My ex BF and another friend had fathers that killed themselves. These orphaned children believe that nothing is more selfish than suicide. It says to all those who love us -- You and your pain at losing me mean nothing to me.

We depressed people honestly and truly believe that no one really cares about us. Our disease tells us that no one will really miss us. They are just being nice. They may have some tiny pang of regret, but they'll get over it quickly. And forget all about us.

Our disease tells us that we're useless, worthless. Not only won't they miss us, they will be better off without our whining, needy selves around.

Yes, we can see that it is all for the best that we end this dreadful pain.

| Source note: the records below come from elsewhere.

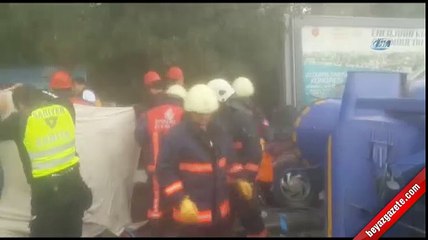 Beton mikseri devrildi: 1 ölü 5 yaralı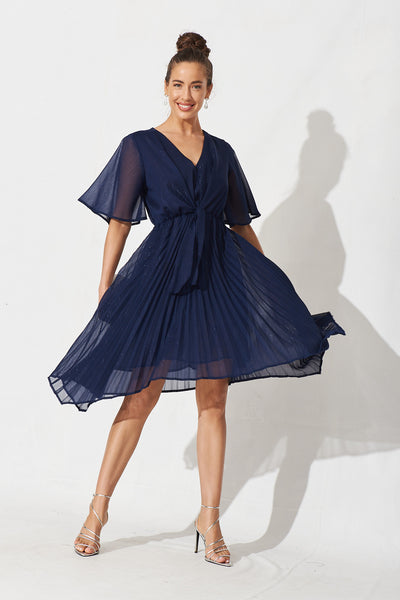 Blakely Dress In Navy Floral Chiffon – St Frock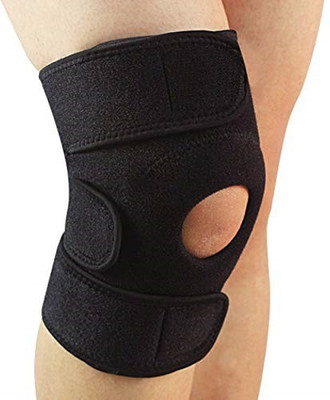 TIMA Knee Brace Open Patella, Adjustable Knee Support for Arthritis Pain Knee Support(Black)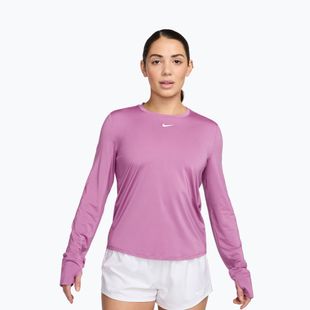 Trainings-Langarmshirt Nike One Classic Dri-Fit light magenta/white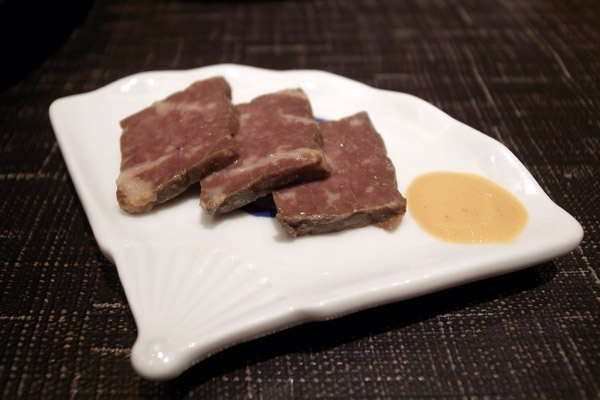 Japanese Beef in Kyoto: Tongue Burger at Hachibei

We see it. Those who love us don't see it.

Antidepressants target very specific areas of the brain. They are not a cure-all, as others have said. But Effexor has changed my life -- in tandem with prayer, with CBT, with help from those the Forums community and my spiritual community of choice. I'm am 56, SQ, and this is the first time in my life that some cloud has lifted from my brain, that was always there even in the best of times. Still there a little, sometimes. But not ready to strangle me.

Sorry to write so long. Clinton made a cliche out of the words, "I feel your pain." But I do. And I want so much for you to want to live. Please Silver Queen. You have value here. Can it be enough for you to know this even if you can't feel it for right now? And to take care of yourself for the sake of all those who love and care about you?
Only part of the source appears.